Getting back to normal may be most difficult for the airlines, which were so drastically impacted by the attacks that upwards of 100,000 layoffs have since occurred. But, with the exception of Ronald Reagan Washington National Airport, which had opened only on a restricted basis, the major airports were at 80 to 90 percent of pre-Sept. 11 operational capacity.
Along with the initial $15 billion in federal assistance to help stem the industry’s financial woes, the individual airlines have taken steps to win passengers back. In early October, Delta Air Lines implemented a round of deep discounts in an effort to get people flying again—and was followed in short order by United, American, and Northwest.

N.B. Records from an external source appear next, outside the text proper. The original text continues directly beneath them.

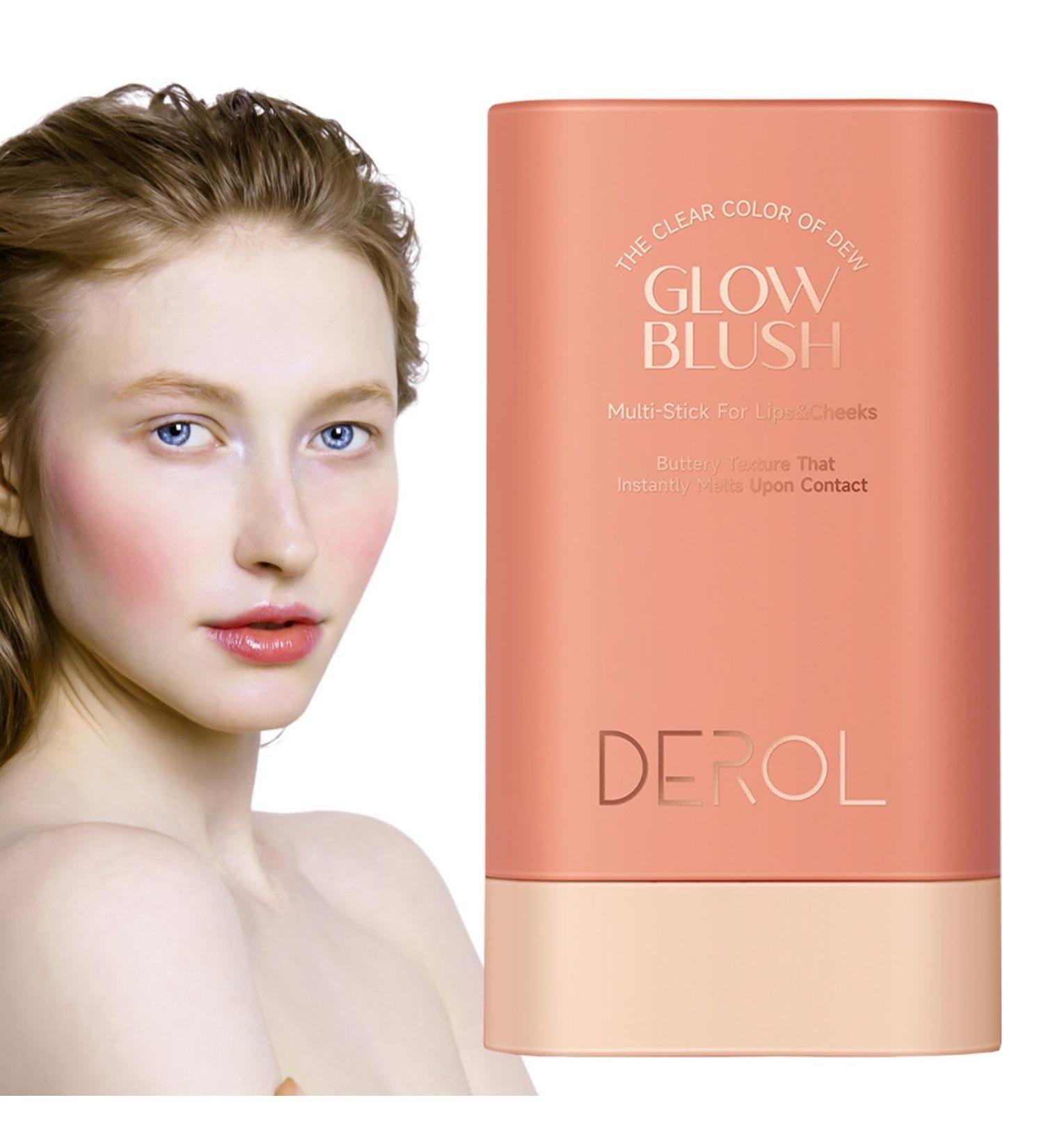 Cheek Cream Blushes Stick - Cheek Tint Cream Blushess for Natural Makeup - Rotating Design Makeup Blushes Stick Waterproof Long Lasting Cheek Tint For Women Girls Mature Skin Rowces 02 - Buy Online on GoSupps.com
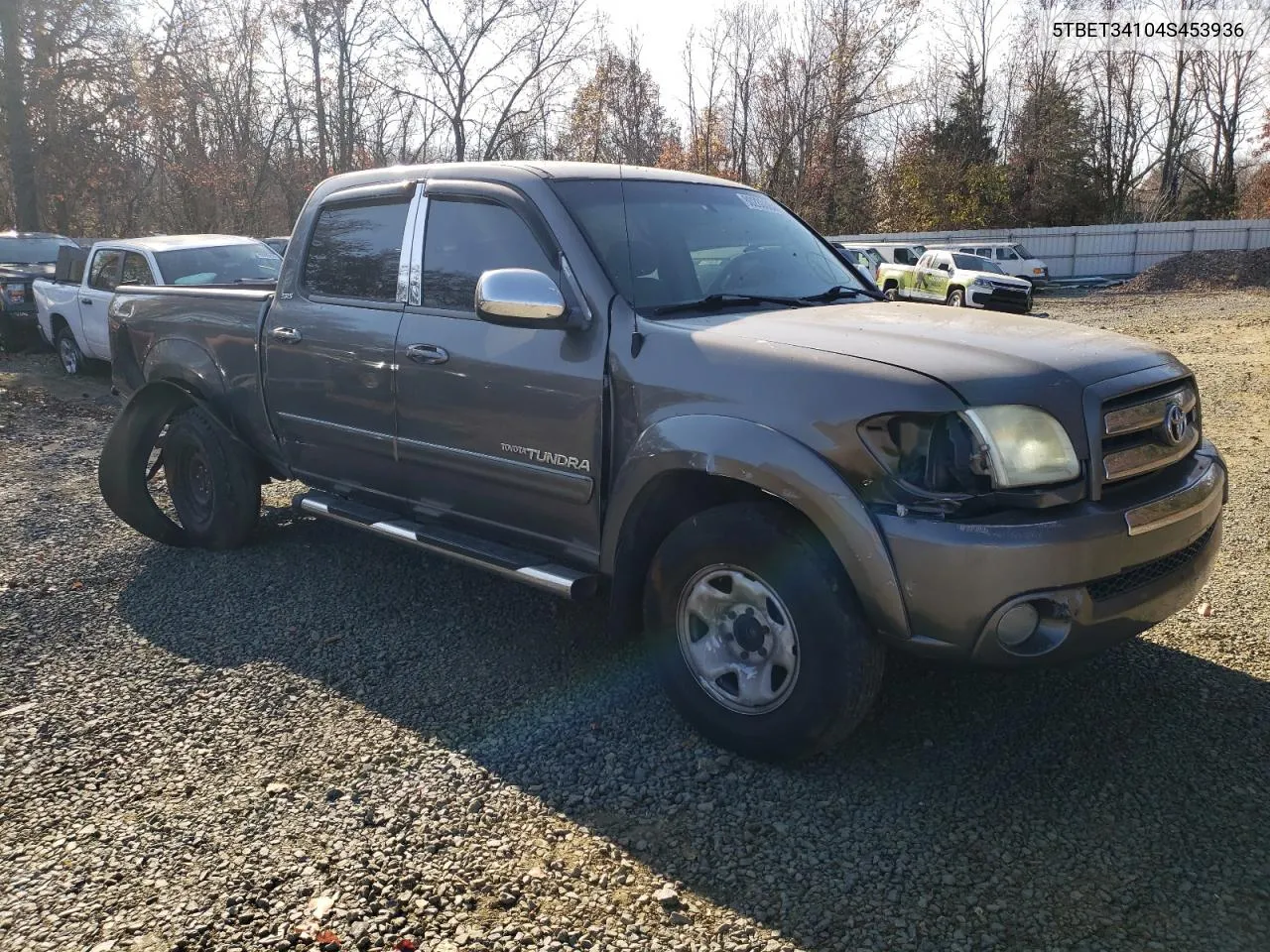 2004 Toyota Tundra Double Cab Sr5 VIN: 5TBET34104S453936 Lot: 80280304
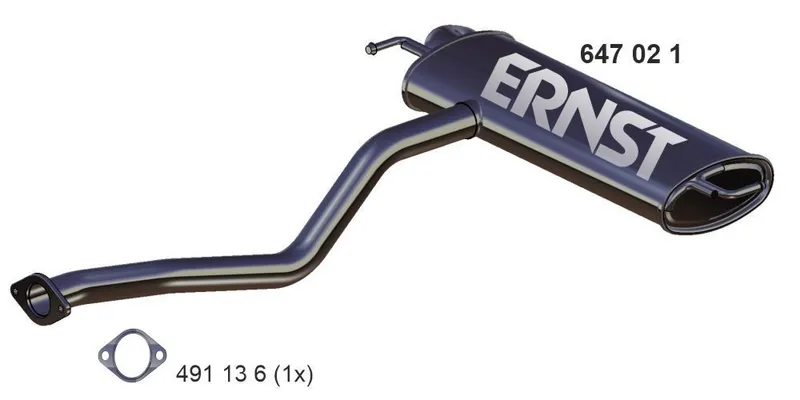 Bakre ljuddämpare ERNST 647021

International travel has been hit hardest, with some predictions that airlines around the world face at least $7 billion in losses this year in international travel alone. As of press time, Anset Australia Airlines and SwissAir had ceased operations.
It may take such extreme and controversial security measures such as computer-assisted passenger screening technology (CAPS) to get business travel back up into the air. Or it may take the pragmatic approach suggested by STR’s Lomanno: "The fact of the matter is that people are going to have to fly places and stay in hotels in order for things to return to normal."
However, for quite a while, "normal" won’t be what it was before, said the Orlando CVB’s Peeper. "Right now, we’re still in the process of defining what the new ‘normal’ will be."